The article talks about this too, especially the importance of communication, consistency, discipline, and process:
> [Communication] Communication may be the most important word in this guide. It is the key to making your team operate effectively. Failure to communicate is the #1 cause of people problems (...)
> [Consistency] If you are using metrics properly, you’ll be analyzing performance on a daily or weekly basis by consistently reviewing your metrics and measuring if objectives are being achieved. This typically happens in your weekly meetings and written updates. To help facilitate your planning, there are a couple of formal analysis activities to do:
> Quarterly Summary. Reflection is a healthy and beneficial process. At the end of every quarter, each functional leader should compile a summary of the objectives achieved. The summary should include metrics and descriptive analysis on where the team succeeded vs. struggled.
In a number of companies I worked at the number one reason people left was a conflict with their supervisor.
I think a much better introduction to management is the manager tools podcast.
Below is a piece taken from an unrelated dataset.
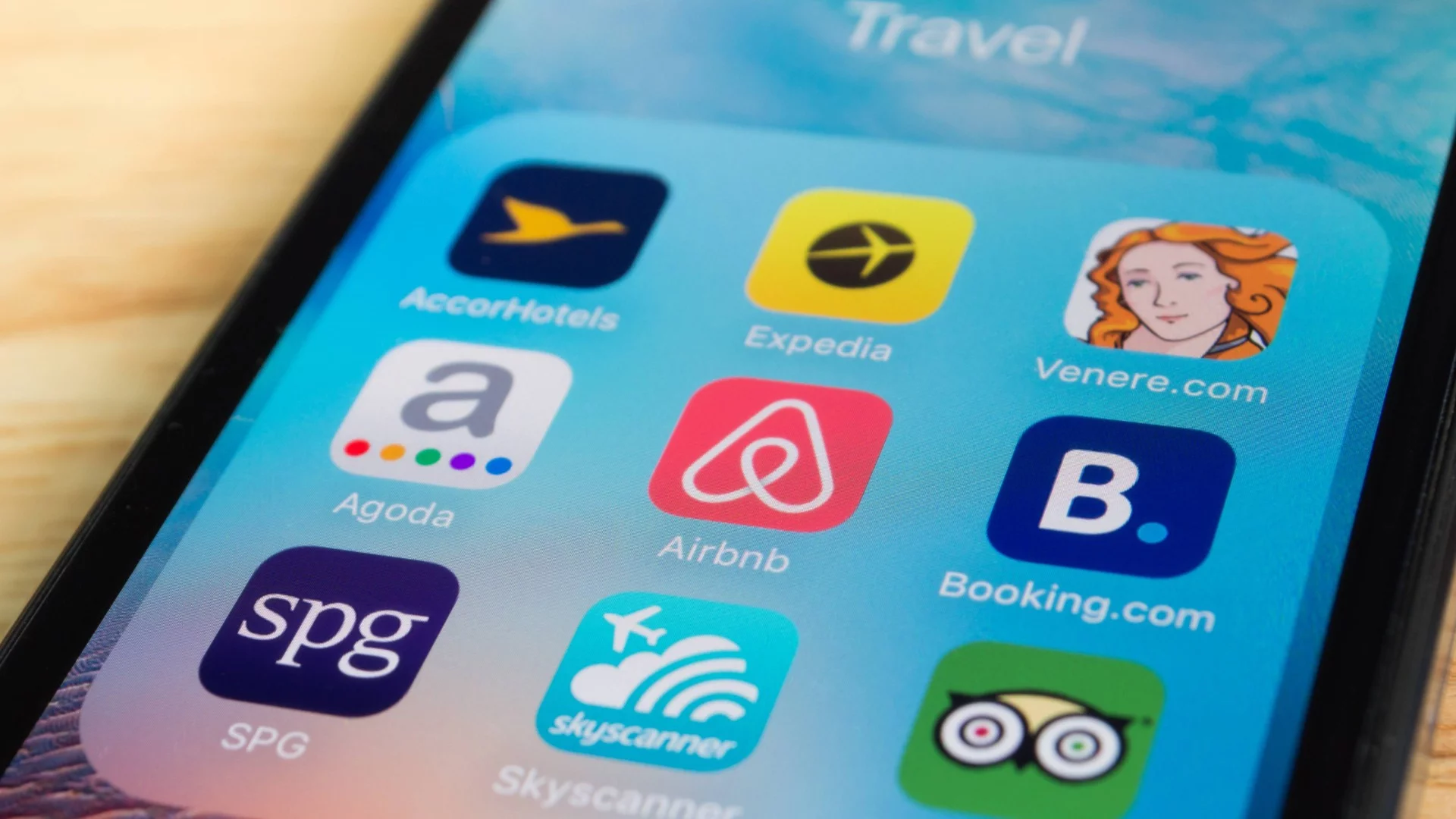 "Европейска секира над частната квартира": Директива ще ликвидира половината Airbnb и Booking имоти под наем в България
And after listening to about 10 or 20 episodes, you'll see how hard management really is, especially if you want to do it right.
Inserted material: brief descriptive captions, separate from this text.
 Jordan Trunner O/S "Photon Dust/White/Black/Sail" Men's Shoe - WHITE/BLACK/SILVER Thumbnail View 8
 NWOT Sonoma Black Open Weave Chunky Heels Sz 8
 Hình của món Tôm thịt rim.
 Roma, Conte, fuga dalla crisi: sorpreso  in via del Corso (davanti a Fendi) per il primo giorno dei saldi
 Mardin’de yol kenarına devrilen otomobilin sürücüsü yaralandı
I think it really crystalized the issues I had reading the article; you can do (or try to do...) all the ‘right things’ and still have a terrible result.
If it was easy to get right, things would be great... but its not. Its hard. ...and a slide deck of protips doesn’t cut it as a solution.
Just an example of this, culture is hard to get right. You can't hire yourself to culture. It's something that has to be practiced by all your employees every day.
If you have 1000 managers in your corporation, you have 1000 micro-cultures. If a chunk of those managers figure out they can berate their directs on a daily basis without punishment, then those employees experience of your company will be terrible.
That's why Amazon employee reports vary wildly from great to horrible. That's because while some managers are truly great, some are truly horrid. The culture isn't enforced equally across the company.
Jeff Bezos might treat his corporate execs great on a day to day basis say, but the average employee is usually levels of management removed from this to be inspired. Instead they see coworkers sobbing at their desk because they were fired, or forced to resign. Other's might actually deeply enjoy their time at Amazon, but it's because they got lucky in the micro-culture lottery.
The point I was making is: this article isn’t practically useful, its just ‘how it would be nice if things were’ not ‘how to get there’.
Its got some good ideas, sure... but as you say, reality and ideals aren’t easily matched; so as a step by step guide, its somewhat trivialising what is actually a very hard, entirely unsolved set of problems.